Several studies of nearby active galaxies indicate significantly higher HCN-to-CO intensity ratios in AGN than in starburst (SB) environments. HCN enhancement can be caused by many different effects, such as higher gas densities/temperatures, UV/X-ray radiation, and non-collisional excitation. As active galaxies often exhibit intense circumnuclear SB, high angular resolution/sensitivity observations are of paramount importance to disentangling the influence of SB from that of nuclear activity on the chemistry of the surrounding molecular gas. The tight relation of HCN enhancement and nuclear activity may qualify HCN as an ideal tracer of molecular gas close to the AGN, providing complementary and additional information to that gained via CO. NGC6951 houses nuclear and SB activity, making it an ideal testbed in which to study the effects of different excitation conditions on the molecular gas. We used the new ABCD configurations of the IRAM PdBI to observe HCN(1-0) in NGC6951 at high angular resolution (1).

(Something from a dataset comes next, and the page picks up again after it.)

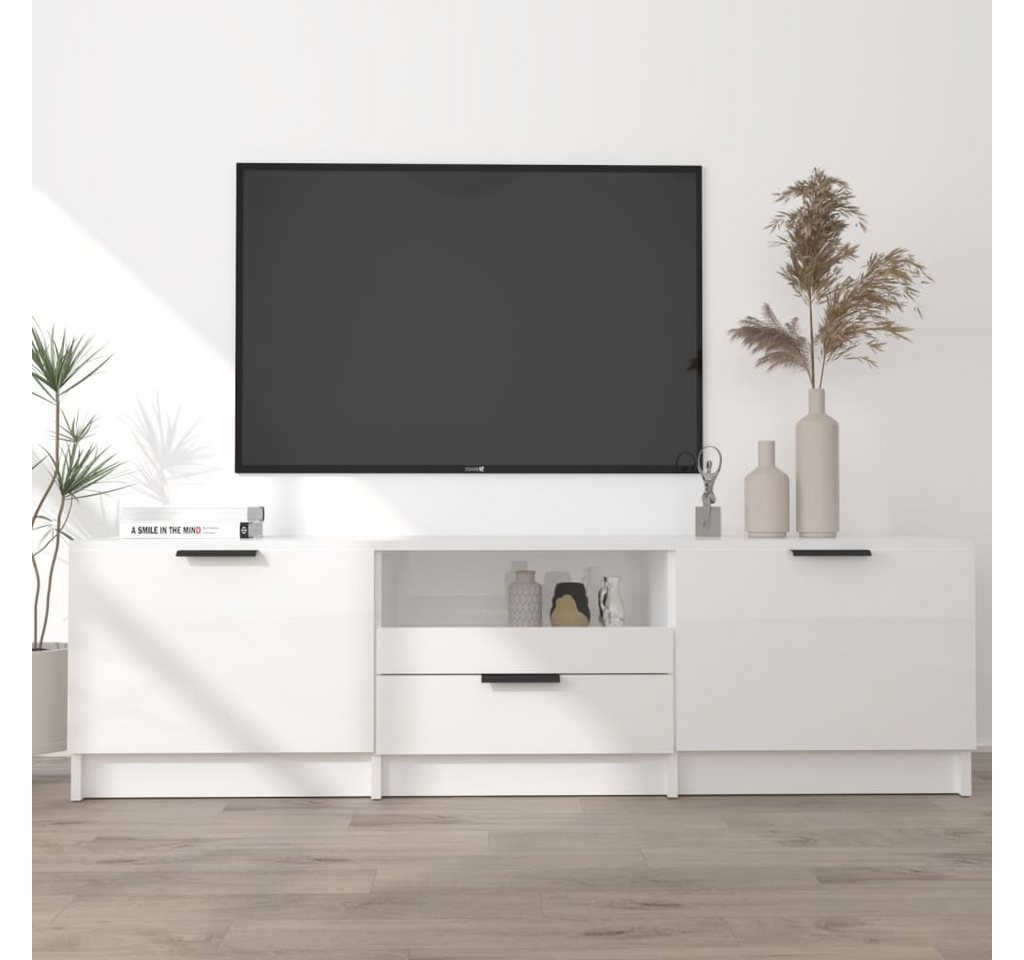 vidaXL TV-Schrank TV-Schrank Hochglanz-Weiß 140x35x40 cm Spanplatte Lowboar günstig online kaufen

We detect very compact (<50pc) HCN emission in its nucleus, supporting previous hints of nuclear gas structure. Our observations also reveal HCN emission in the SB ring and resolve it into several peaks, leading to a higher coincidence between the HCN and CO distributions than previously reported. We find a significantly higher HCN-to-CO intensity ratio (>0.4) in the nucleus than in the SB ring (0.02-0.05). As for NGC1068, this might result from a higher HCN abundance in the centre due to an X-ray dominated gas chemistry, but a higher gas density/temperature or additional non-collisional excitation of HCN cannot be entirely ruled out, based on these observations. The compact HCN emission is associated with rotating gas in a circumnuclear disk/torus.